L'arte italiana cresce così
La Fondazione vaf-Stiftung premia la lunga carriera dell’architetto e designer Marcello Morandini, e insieme i giovani artisti più interessanti del nostro Paese. I loro lavori sono esposti in Germania e presto anche da noi.
Arriva nella Stadtgalerie di Kiel, in Germania, il premio per uno storico artista italiano, per la sua lunga attività di architetto rigoroso e di designer, che ha trovato concordi i giurati di un premio relativo ai giovani, il Vaf della Fondazione Stiftung: mi riferisco a Marcello Morandini, lucido fra molti ragazzi, uno dei quali solo 24enne, che sono esposti in gara negli ampi spazi della galleria.
Ma contemporaneamente, e davanti a loro, occorre onorare anche un amico. Un amico dell’Italia, un tedesco più italiano di un italiano, Volker Feierabend, che vive a Milano, nato a Berlino, e che esalta la grandezza dell’arte italiana, anche in dialogo con la grande arte tedesca, nel luogo dove ha sede il museo che io presiedo e che è la casa delle opere da lui raccolte: il Mart di Rovereto. Questo è in equilibrio fra un piccolo e bellissimo museo, il Mag di Riva sul Lago di Garda e Trento, dove il Castello del Buonconsiglio è l’istituzione che fra qualche giorno ospiterà una mostra di Dürer.

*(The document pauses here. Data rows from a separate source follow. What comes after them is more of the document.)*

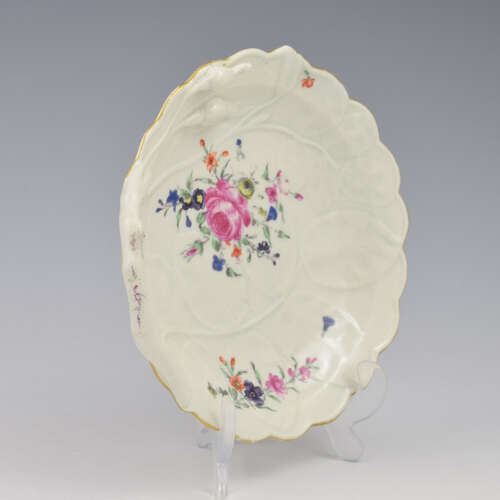 Stunning Dr Wall / First Period Worcester Porcelain Blind Earl Sweetmeat Dish c.1765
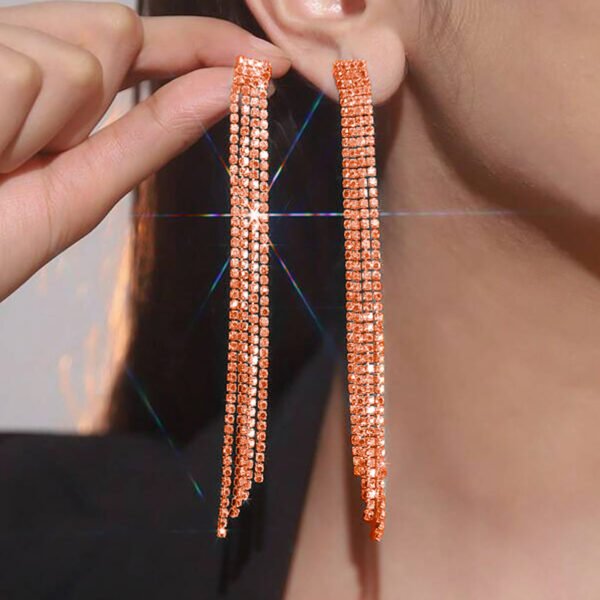 dcd9cb76-33e5-48c7-82d3-7b500b22f248.jpg High-grade Diamond-embedded Multi-row Silver Needle Long Fringe Pendant Earrings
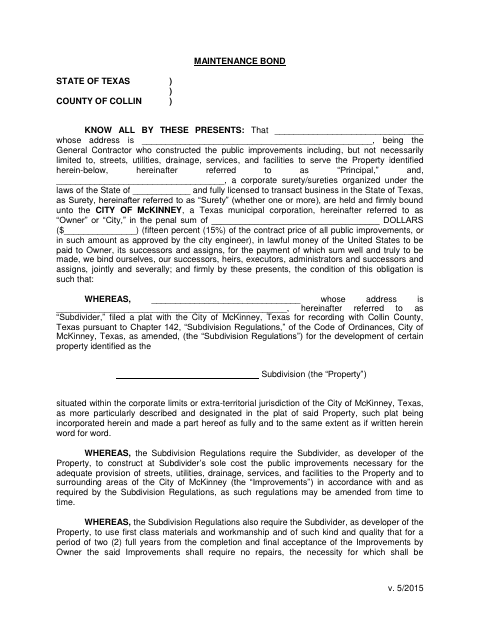 First page of the Maintenance Bond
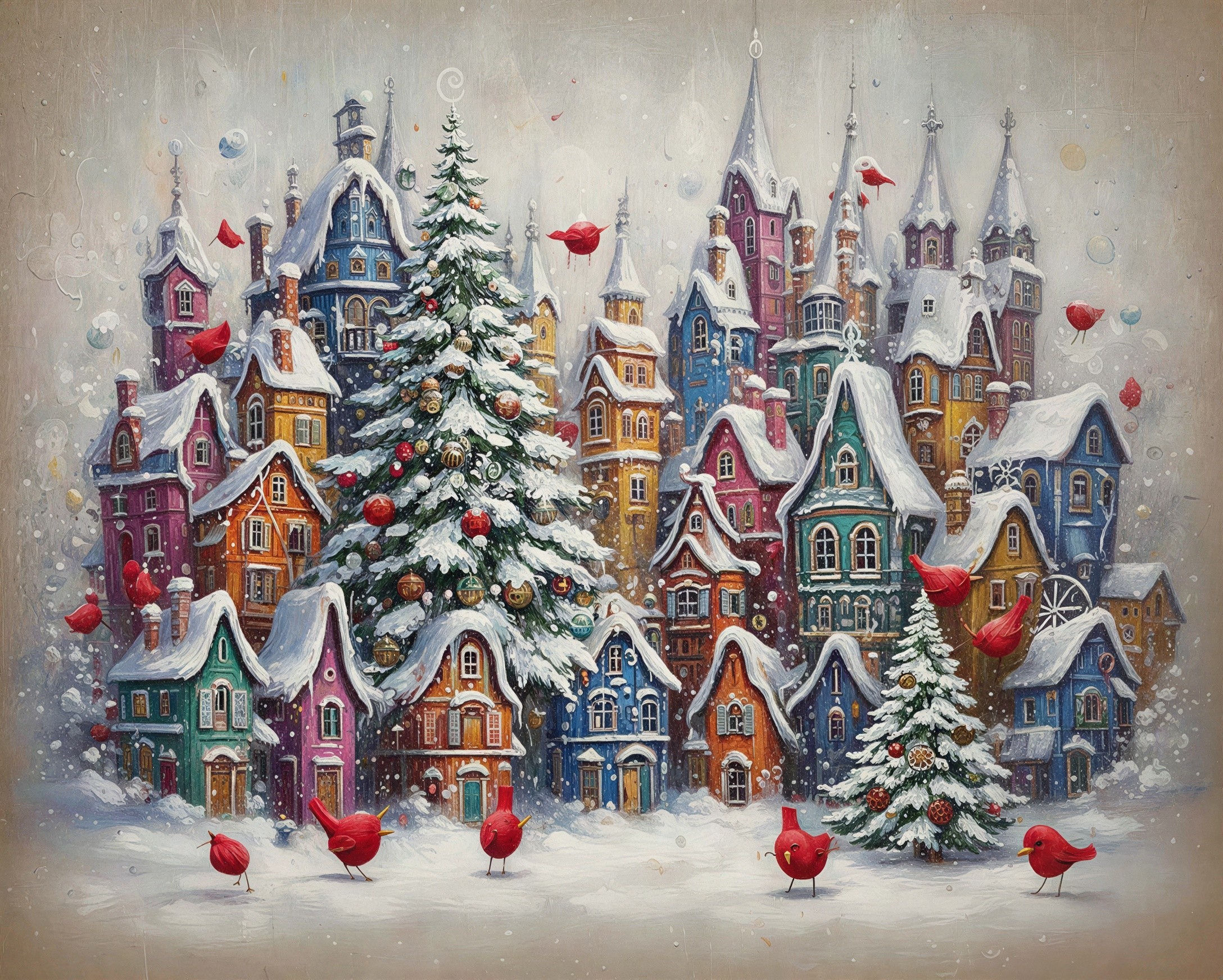 Whimsical Christmas Village Illustration with Vintage Charm
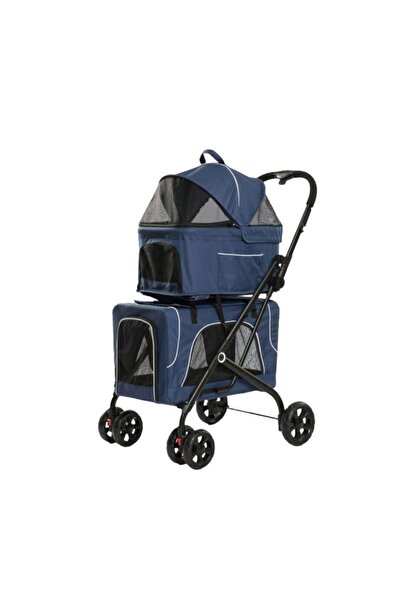 Tommy Çift Katlı Evcil Hayvan Arabası Mavi 66x50x98 Cm Max 30 Kg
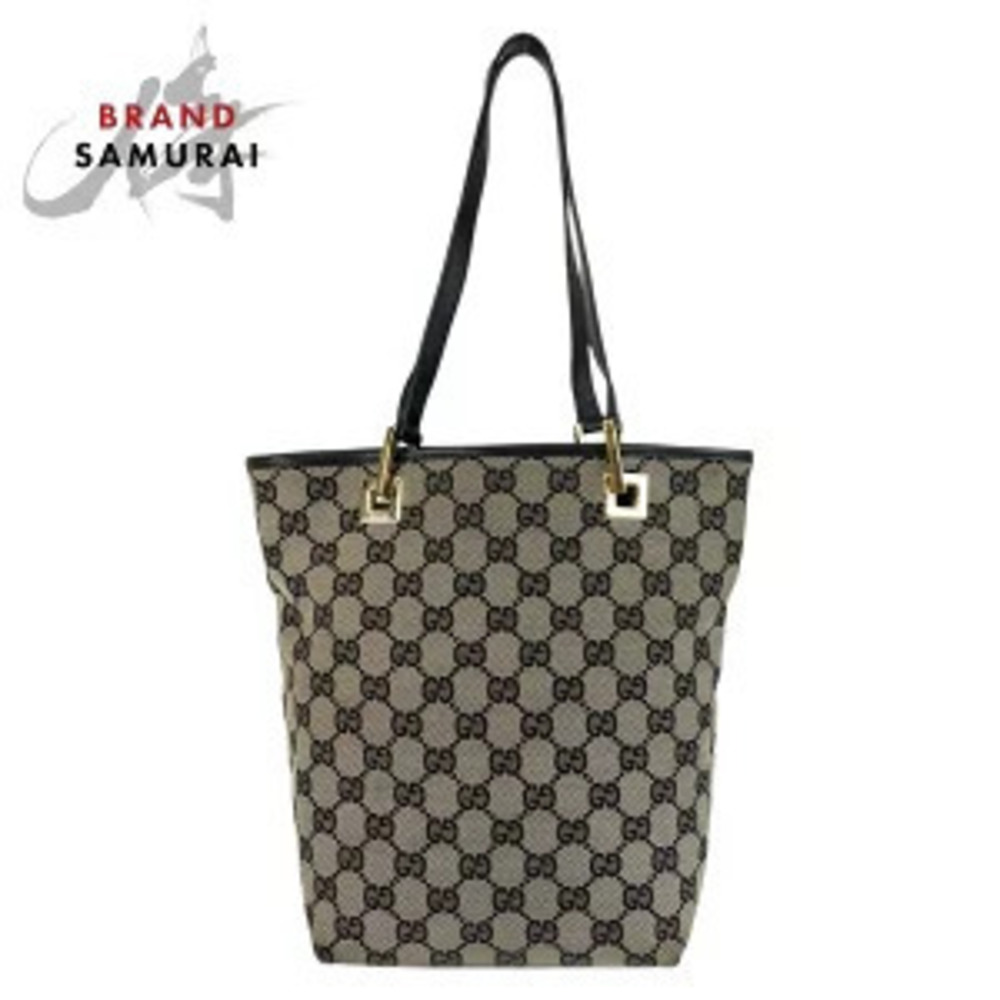 Gucci Gray Black Tote Bag Shoulder GG Canvas Leather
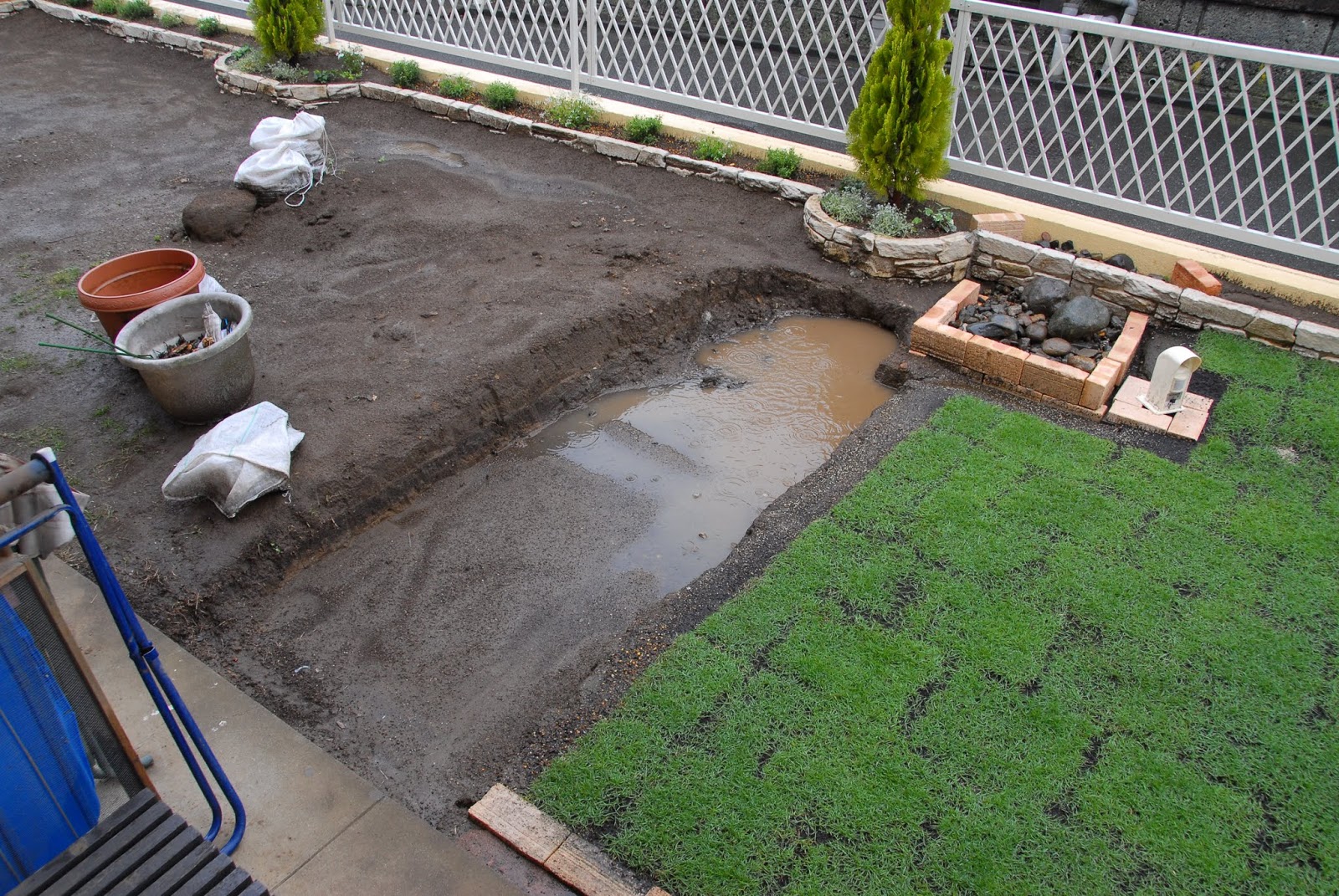 野球ときどき風景写真 粘土質の庭を大改造 芝庭へ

Io ho voluto che, contemporaneamente alla mostra di Dürer, vi fosse al Mag una mostra parallela dei pittori del Rinascimento italiano che hanno lavorato in Trentino, sulla scia di Mantegna, in dialogo con il grande artista tedesco che ha trovato uno dei suoi luoghi di visione ad Arco, scendendo lungo il Trentino, per arrivare a Venezia.
Quindi l’incontro tra il Rinascimento italiano e quello tedesco sarà fra qualche giorno una buona ragione per cui gli amici tedeschi arrivino in Italia e arrivino in Trentino. E questa è una storia che ha un interprete moderno in Volker Feierabend che ha sentito fortemente la pittura italiana del Novecento fino a essere, ormai con un’età di piena comprensione ed esperienza, sensibile anche ai più giovani, a cui ritiene di dover dare, con la sua fondazione e il suo premio, l’attenzione di chi non è soltanto legato ai grandi artisti che hanno unito Italia e Germania, come Giorgio De Chirico o come Giorgio Morandi, ma a tutti i dimenticati e che oggi celebriamo, in uno, nella figura di Pietro Gaudenzi, un meraviglioso quanto sconosciuto pittore di cui il Mart ospita in questo momento una mostra.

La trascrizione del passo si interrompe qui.